Now, let’s talk about the other controls. Moving around is done with the Left Analog Stick and moving the camera with the Right Analog Stick. The D-Pad issues commands to your AI Team Members. The X Button is used to jump and interact with objects, like your horse or ladders. Square is used for light attacks and Triangle for Heavy Attacks. Circle is used for Musou attacks when your gauge is filled. Finally, the L trigger is used for blocking and strafing, and the R trigger can swap what weapon you’re using.
The touch screen handles everything else. Pulling up and using Strategems, calling your horse, activating Rage Mode. All of that is done with the touch screen. That’s where we run into problems. Empires’ touch controls aren’t what I would call well-optimized. Calling your horse reacts well on the bottom-right of the screen. However, opening and using Strategems is hit-and-miss. I can tap the same area a dozen times before it will go into effect. The game just isn’t very good at recognizing those touch commands.
The presentation is the biggest problem people had with the last Dynasty Warriors PS Vita game. Visually, Empires doesn’t look bad, but it also doesn’t look great. The world is colorful, but it’s very clear that there’s a lot of detail left out of the PS Vita release. When you see rivers, they just look like painted blue colors. They do show light, but they don’t react at all when you enter them. I won’t call it the worst-looking Vita games, but it’s nowhere near the best.

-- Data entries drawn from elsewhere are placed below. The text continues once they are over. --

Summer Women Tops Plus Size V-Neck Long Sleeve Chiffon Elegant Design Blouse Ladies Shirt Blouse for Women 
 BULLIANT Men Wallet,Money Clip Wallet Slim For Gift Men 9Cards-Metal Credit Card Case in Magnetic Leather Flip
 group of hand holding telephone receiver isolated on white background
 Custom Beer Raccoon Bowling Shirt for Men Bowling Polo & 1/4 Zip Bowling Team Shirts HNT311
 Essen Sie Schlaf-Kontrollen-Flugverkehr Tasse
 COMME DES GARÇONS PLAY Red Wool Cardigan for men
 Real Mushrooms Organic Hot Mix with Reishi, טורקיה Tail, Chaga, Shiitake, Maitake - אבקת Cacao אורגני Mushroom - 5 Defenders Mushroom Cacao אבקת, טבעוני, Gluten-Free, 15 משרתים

Performance is the other thing. Xtreme Legends had game-breaking frame issues in some area. It had areas where the frame rate would drop below 10 fps and would make the game completely unplayable. Empires is not completely free of frame drops. They are there from time to time, normally in certain areas of stages. While some of them do drop down pretty far, they never drop down to the point of making the game unplayable. They become an annoyance, but nothing to completely ruin your experience.
The odd thing about the frame-rate is that the game tends to have more problems managing cutscenes than it does gameplay. All cutscenes reflect your character and the costume/armor they’re wearing and the game doesn’t play this very smooth at all. Most of the time, this is far worse than the frame drops in gameplay
The rest of the performance is really nice. Load Times never exceed 5-6 seconds and the game has a stellar soundtrack. One thing you may want to know is that the voice work is in Japanese with English subtitles. I know many people wanted to switch to this when Xtreme Legends had an English Dub by default, so you don’t have to worry about that this time around.